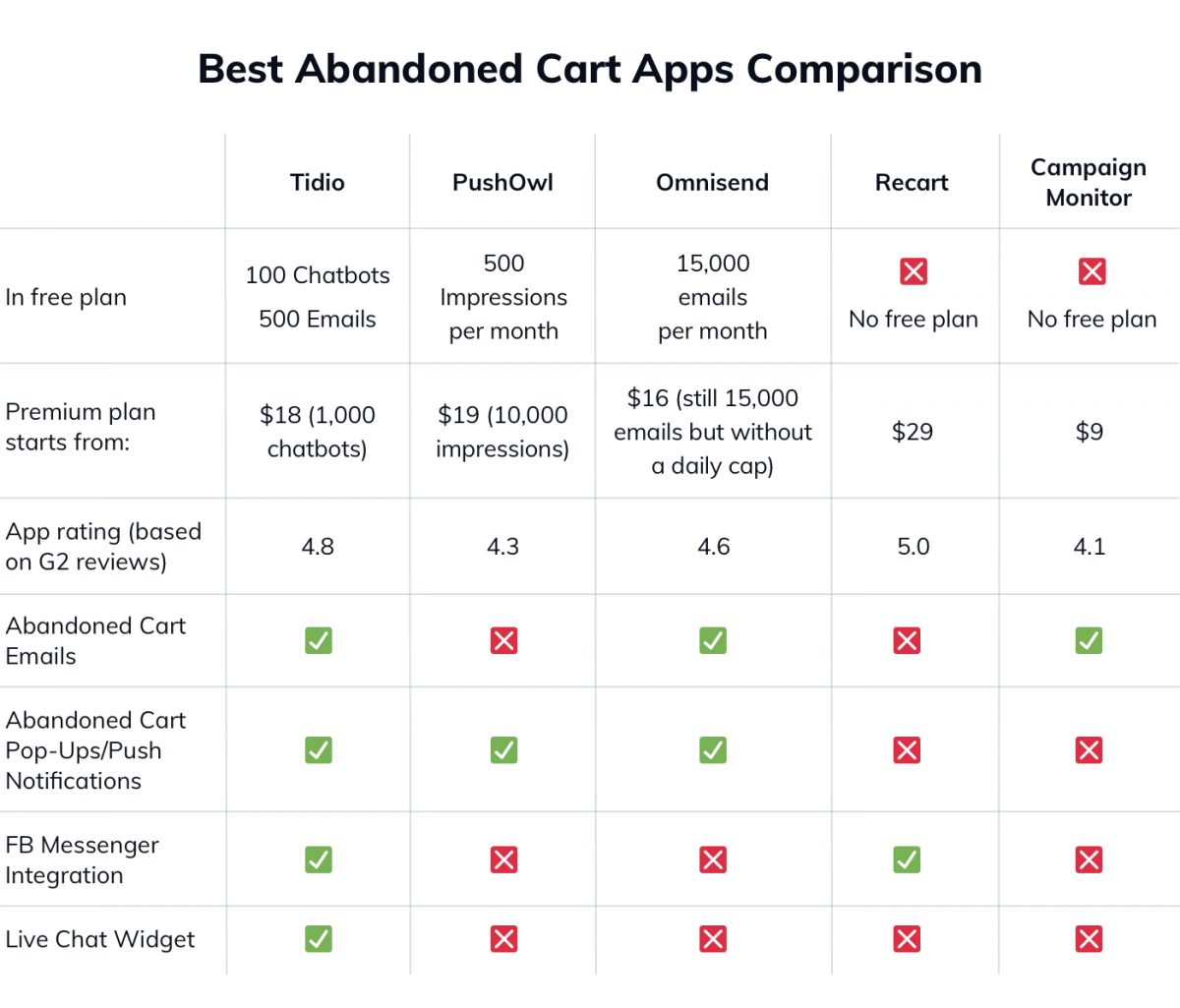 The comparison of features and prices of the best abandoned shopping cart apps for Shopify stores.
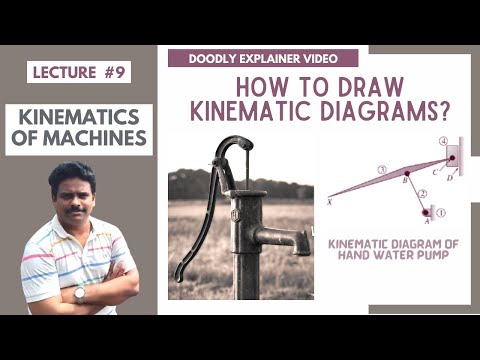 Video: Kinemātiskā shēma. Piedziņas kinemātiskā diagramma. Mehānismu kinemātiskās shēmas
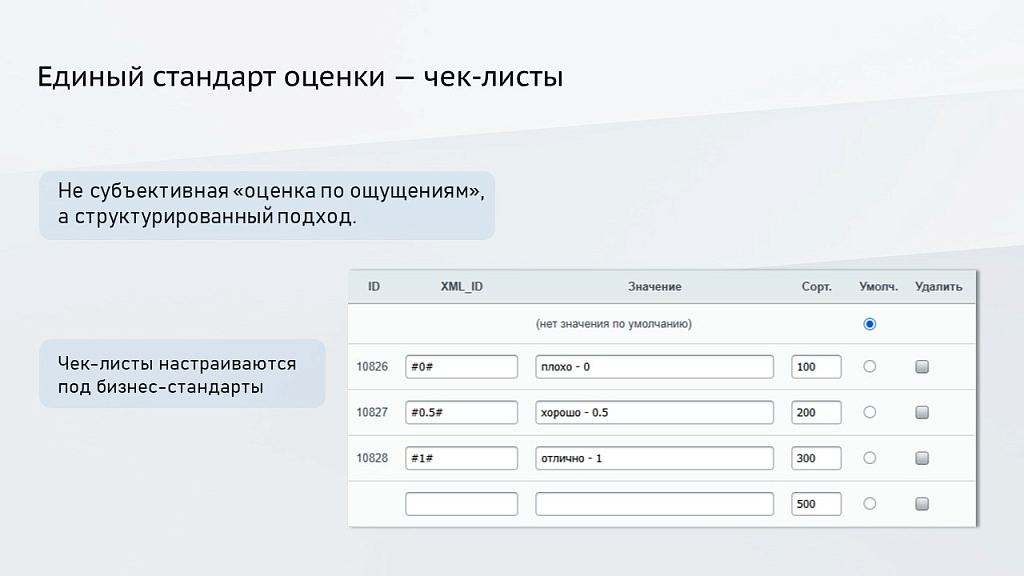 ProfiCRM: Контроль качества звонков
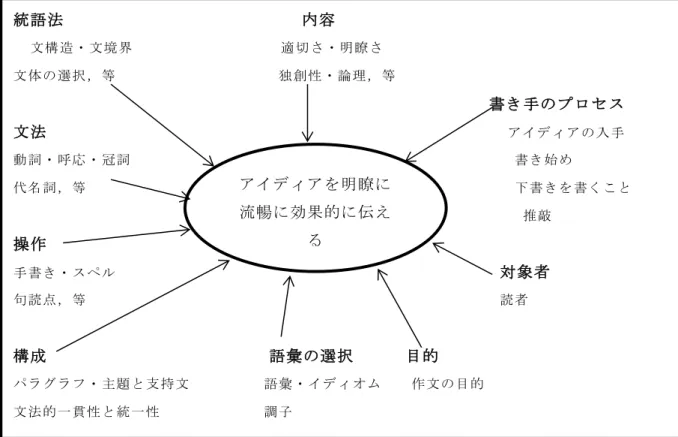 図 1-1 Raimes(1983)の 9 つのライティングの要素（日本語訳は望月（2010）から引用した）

[Prompt]
Using the listing above, copy every line from the line containing "Video: Kinemātiskā shēma." through the last one, both included, and no other lines. Pictures stay out.

[Your solution]
 Video: Kinemātiskā shēma. Piedziņas kinemātiskā diagramma. Mehānismu kinemātiskās shēmas
 ProfiCRM: Контроль качества звонков
 図 1-1 Raimes(1983)の 9 つのライティングの要素（日本語訳は望月（2010）から引用した）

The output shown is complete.